I did some exploring in Cedar Valley and the 5 Miles Pass area this afternoon and found a couple of eagles that were nice enough to jump in front of my lens at just the right time.

Immature Bald Eagle









Golden Eagle


----------



## DeadI (Sep 12, 2007)

Very, Very cool photo. Nice job and thanks for sharing. 

Do mind posting what camera, lense (if its an SLR) and settings you used, its nice to see what was used when trying to learn how to take better photographs.


----------



## fixed blade XC-3 (Sep 11, 2007)

Very,very cool thanks for sharing.


----------



## Greenguy88 (Sep 7, 2007)

Love that pic of the golden eagle staring right at ya!
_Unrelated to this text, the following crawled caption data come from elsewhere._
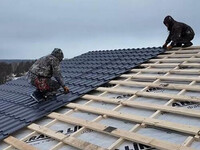 Кровельные работы обрешетка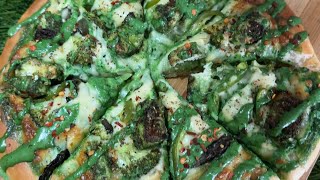 Green Paradise Pizza  tasty amp unique pizza Recipe by Cookwithayesha [upl. by Nimra]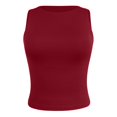 thumbnail image 4 of MIASHUI Womens Tank Tops Trendy Summer Crewneck Sleeveless Casual Basic Top,Wine,L, 4 of 6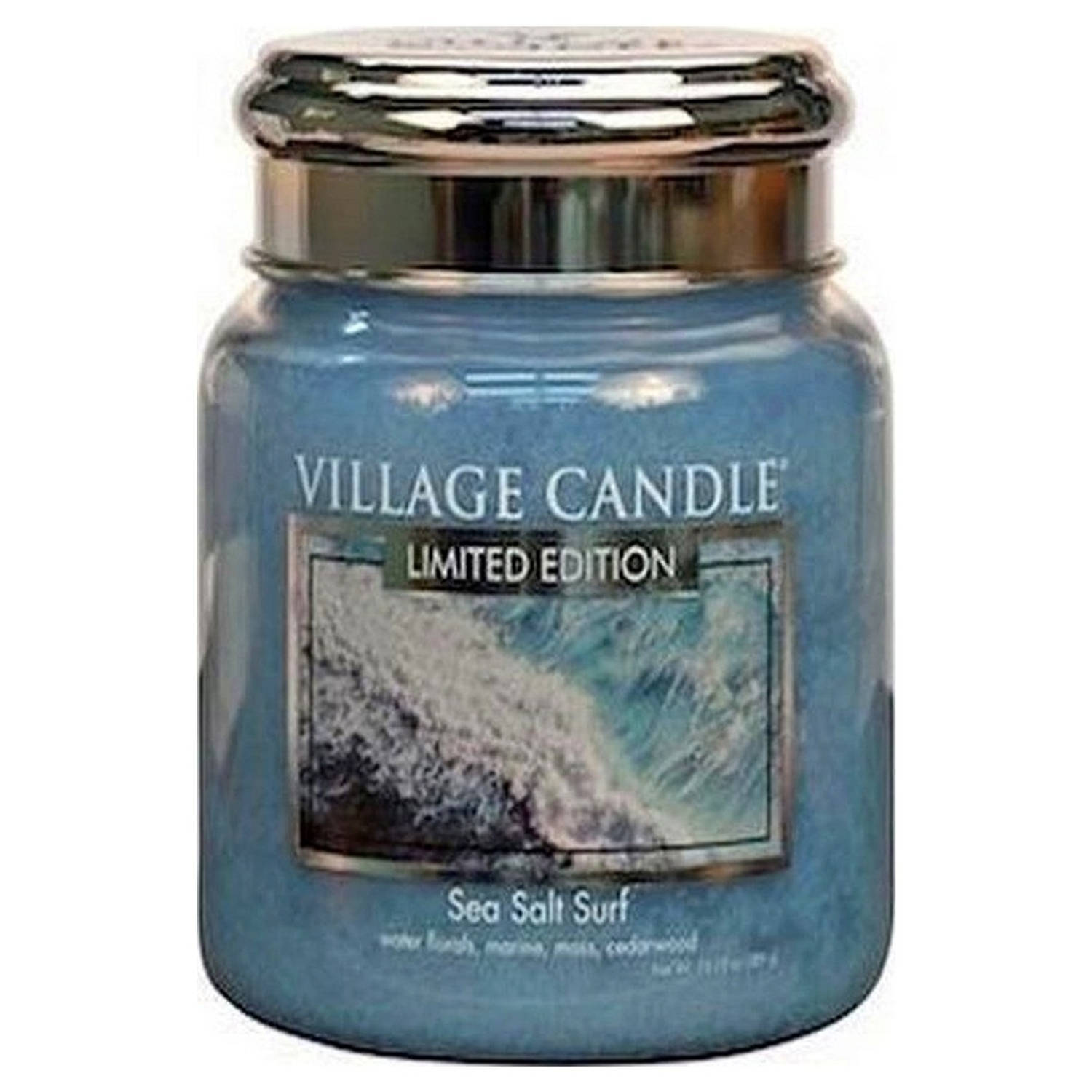 Village Candle Sea Salt Surf Medium Candle 105 Branduren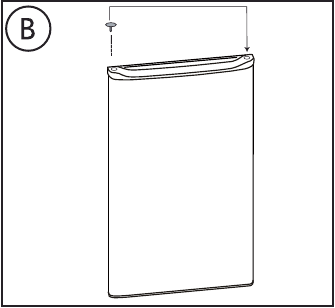 Frigidaire - EFR376 - DEUR OMDRAAIEN - Stap 2 DEUR OMDRAAIEN - Stap 2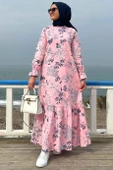 Irmak Organik Pamuklu Elbise Pembe - 3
Very good shots.


----------



## James (Oct 7, 2007)

Great shots!


----------



## Outlaw (Sep 11, 2007)

Thanks everyone.

I shot these two with a Canon 20D and a Canon 400 5.6L.
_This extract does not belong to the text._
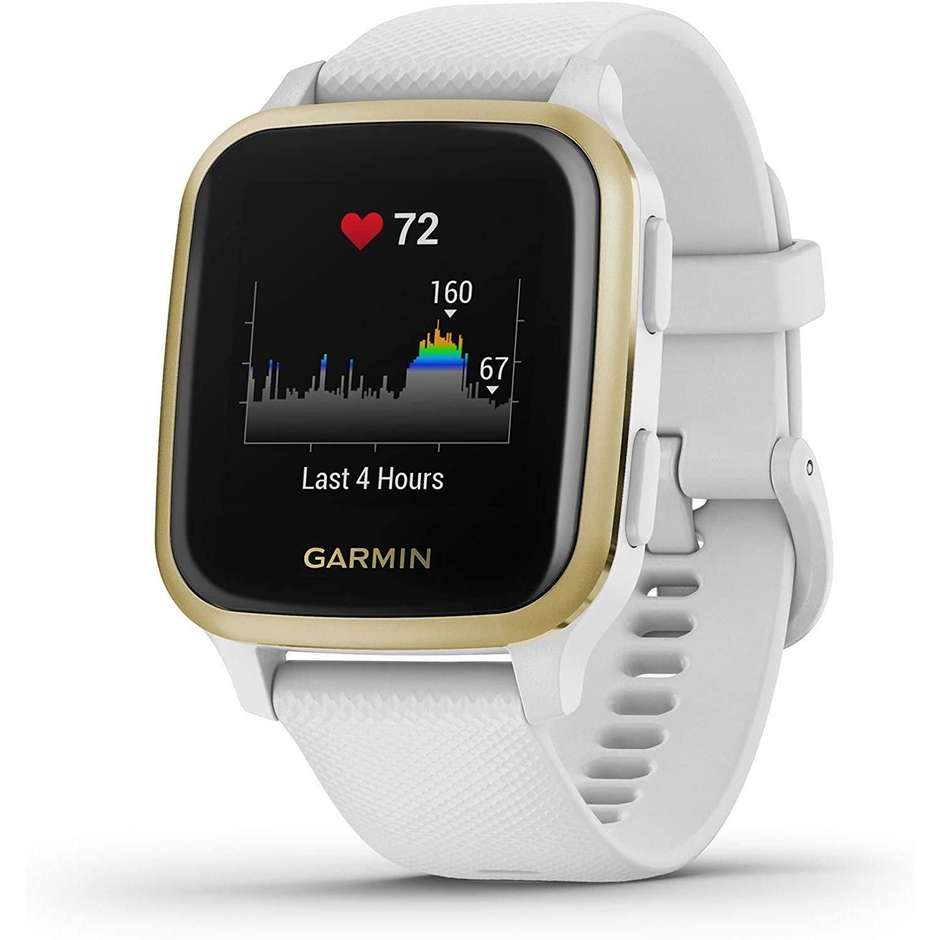 Garmin 010-02427- Venu SQ Smartwatch 1,3" GPS Cardio Ossigenazione colore bianco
_This part is not my post but appears to be a bug and someone elses post ended up in mine. Edit to answer._


> Did you use a tele-converter? What was your distance from him? Did you have to crop it much? Nice pics.
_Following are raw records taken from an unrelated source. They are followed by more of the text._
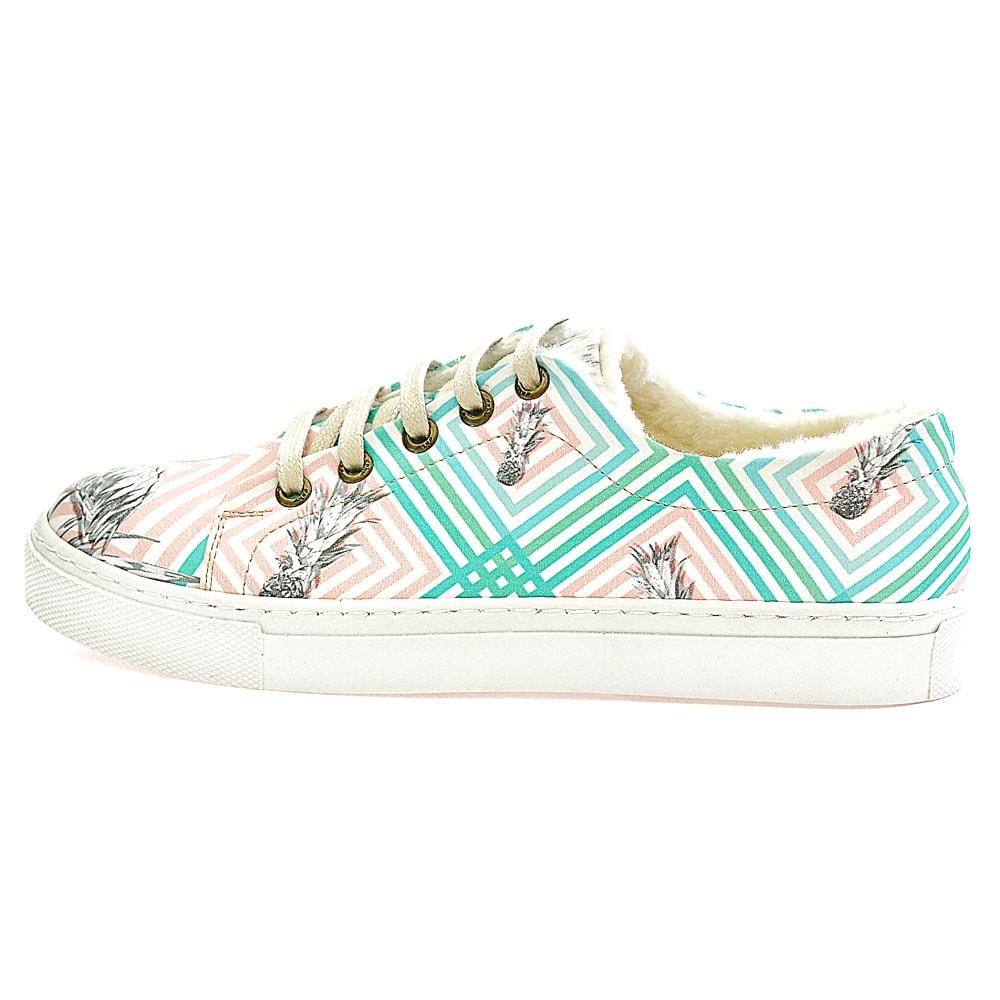 Pineapple Sneaker Shoes WSPR113 (1405822402656)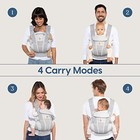 Ergobaby Omni Breeze All Carry Positions Baby Carrier 7-45 Lb - Olive Green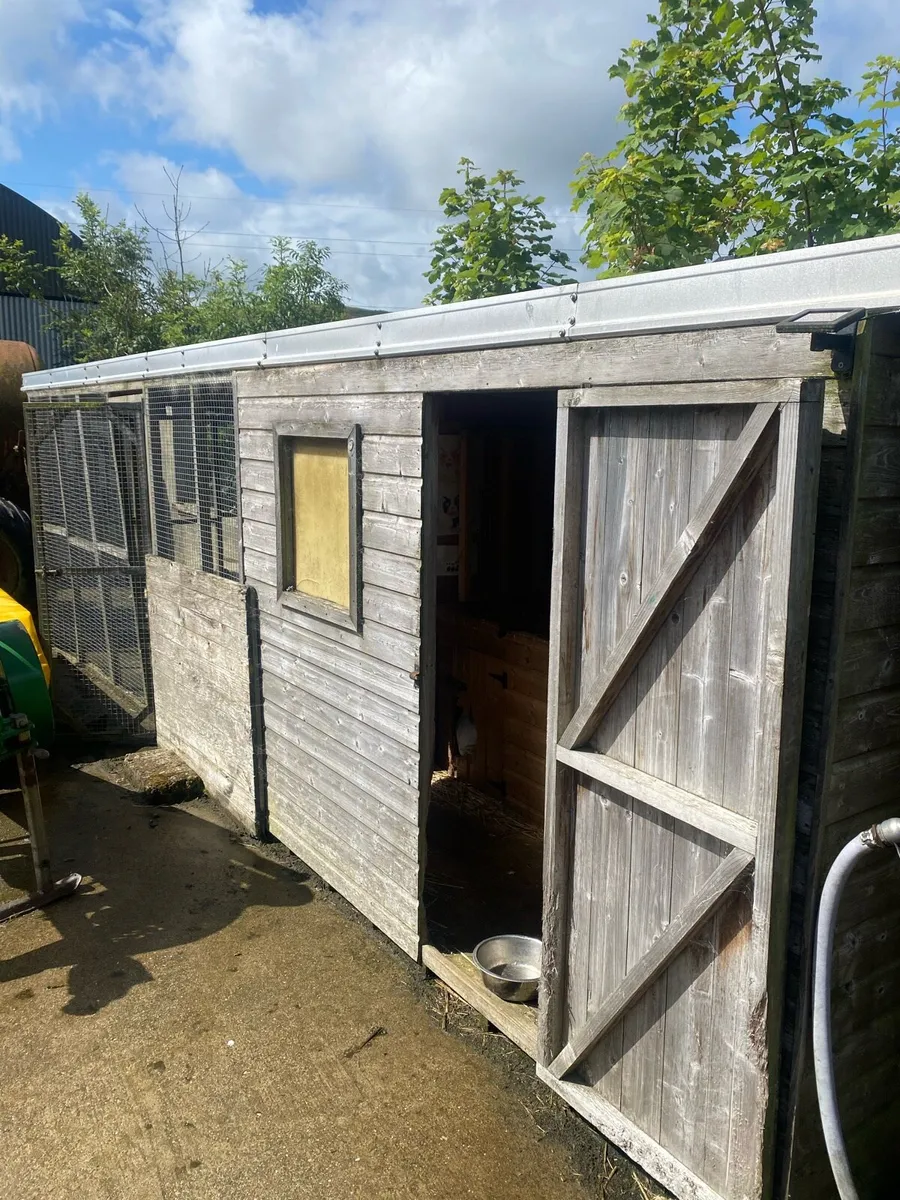Dog Run/Shed Cattery Aviary - Image 1
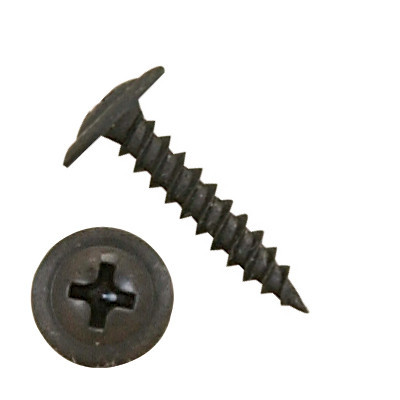 100PMTP0826 #8-15 X 1-5/8 Self-Piercing Screws, Modified Truss Head Phillips, Carbon Steel, Black Phosphate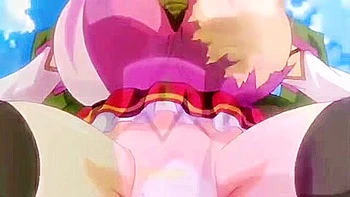 A beautiful hero with big breasts is attacked by a monster and his big cock is penetrated and creampied.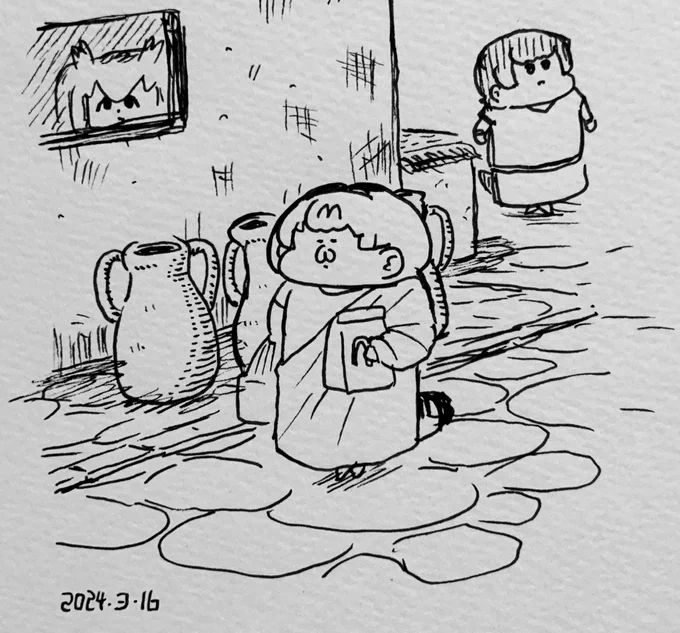 何やら持ち帰って来たサーバルみんみトゥス 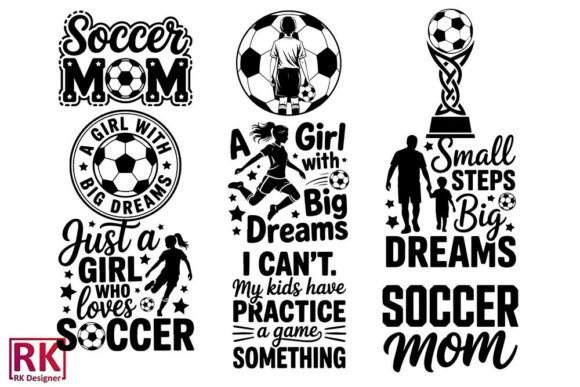 A Craft Designer's Take on the Soccer Girl SVG Bundle
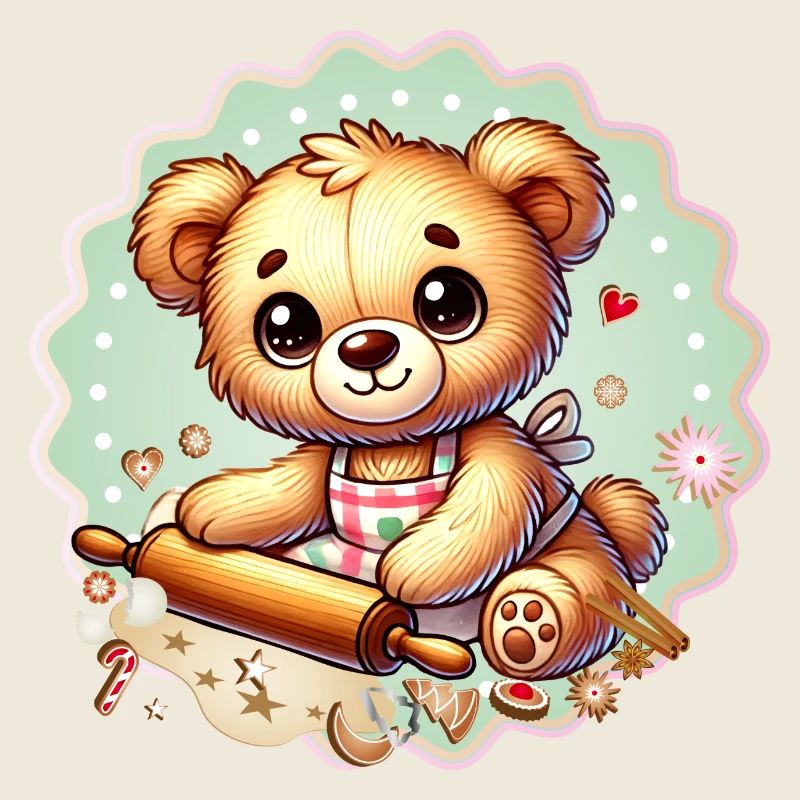 Baking Christmas Teddy – Sweet Festive Joy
I have a 1.4x teleconverter that I find gives worse results unless conditions are perfect and very bright. I did not use it for these. For the baldy I was 30-40 yards away. The golden let me drive the jeep fairly close. He flew and landed 100 yards away. I got out and hiked very slowly closer than before. When he looked spooked, I stopped and waited for him to calm down. I eventually got within 30' and took the shots. The original filled the frame with eagle but I cropped out 25% or so of the body which wasn't necessary.


----------